Some companies are responding by changing how information is delivered. The New York Times has said it plans to offer one-sentence articles, succinctly summing up news so that the marrow of a story can be digested on the go. For those that spend a lot of time staring at their phone, this is the beginning of a trend that accentuates what the Watch is great for: important data in bite-size bits.
For road-warriors, the Watch will be even more useful. Apps like the one used by Starwood hotels and resorts will assign you a room so you can bypass the front desk and unlock your door with a wave of your wrist. Airline apps will store and display relevant flight and boarding data (as well as scanable barcodes that can be used to quickly get by security without fumbling for paperwork). If you travel for work, these kinds of changes will save you a lot of time.
That's true, too, when you're away from home and don't know exactly where you're going. Not only are you a tourist but you look like a tourist, too, fumbling for directions on your phone. While the iPhone's map applications and GPS are extremely useful in navigating to destinations, the Watch will offer more discreet directions along the way to your destination.
Apple's Maps and third-party Watch apps like City Mapper both offer haptic feedback to directions in the form of taps on your wrist. This silent information lets you know exactly where you're going in strange cities, without the hassle of staring at your phone's screen. The City Mapper app even features mass transit data and will tap your wrist when it is time to get off at train, subway and bus stops without making it obvious.
If walking isn't your thing, the Uber app -- it was highlighted on stage during last month's Apple event -- allows you to book a car using your current location, also providing you information and a picture of your ride and driver, right on the wrist. And of course, you'll be able to pay for things using Apple Pay with a flick of the wrist.
The point is, all kinds of data will be available at a glance, and all of it can be personalized to your specific needs. Better yet, Apple execs are already looking beyond the upcoming launch and have promised that Watch software will improve, both in the short term and, more importantly, over the long haul with the introduction of fully native Apple Watch apps.

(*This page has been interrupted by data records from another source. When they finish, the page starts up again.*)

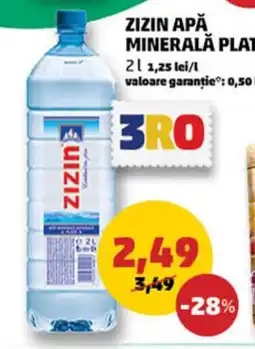 Penny ZIZIN Apă minerală plată Ofertă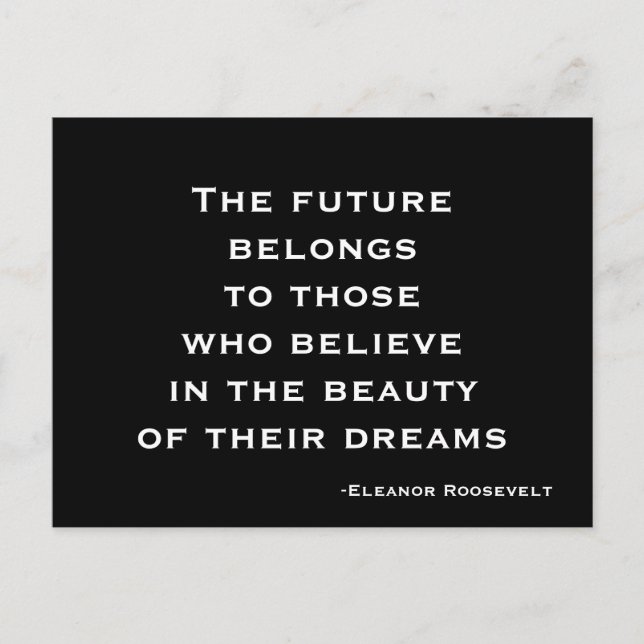 Sueño de postales, créanlo, postal motivacional (Anverso)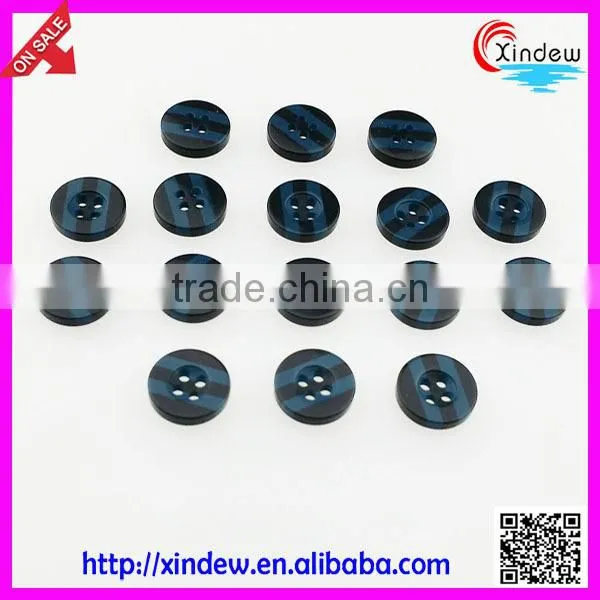 Blue Men Shirt Buttons Resin Shirt Button Textile Button photo-2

Because the Watch is aimed at the millions of people already using Apple products, especially the iPhone, it should just slip right into existing workflows and equipment, like a puzzle piece nobody knew was missing. Support for Handoff and Continuity is especially important: You can begin a phone call on the Watch and push it to the Phone with a button tap; start reading an email on the Watch, finish it on your Mac or iPhone. The level of sophisticated integration with products you're already using -- and with iOS 8's security -- is a major plus.